## What you should do
For the listing below, the answer is an exact retyping of the lines from the one with "Fluffy Bangs Curlers" through the one with "Tough Case for", both included, without pictures.

**** Exercise inputs

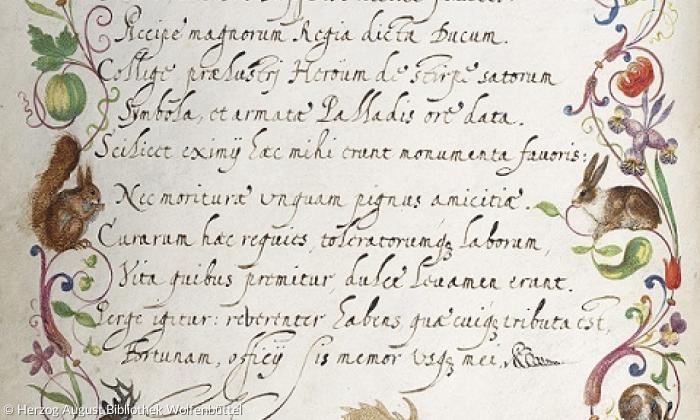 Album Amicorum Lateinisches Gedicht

********
**** Exercise inputs

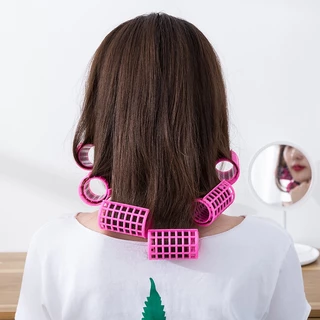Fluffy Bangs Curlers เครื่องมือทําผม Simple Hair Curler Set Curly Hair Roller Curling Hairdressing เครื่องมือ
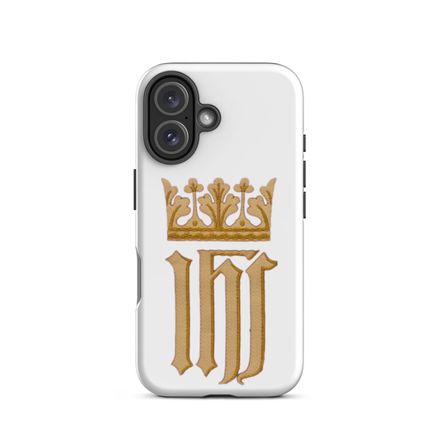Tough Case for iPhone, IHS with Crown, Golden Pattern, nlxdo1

********
**** Exercise inputs

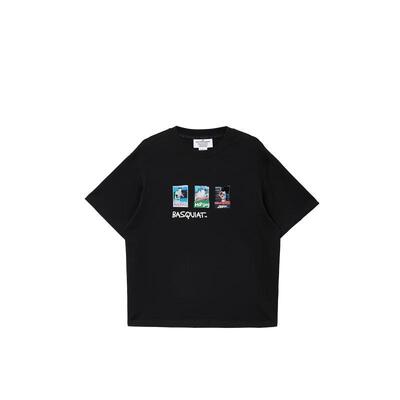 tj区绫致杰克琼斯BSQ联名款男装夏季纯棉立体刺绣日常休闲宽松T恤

********

## Answer below
Fluffy Bangs Curlers เครื่องมือทําผม Simple Hair Curler Set Curly Hair Roller Curling Hairdressing เครื่องมือ
Tough Case for iPhone, IHS with Crown, Golden Pattern, nlxdo1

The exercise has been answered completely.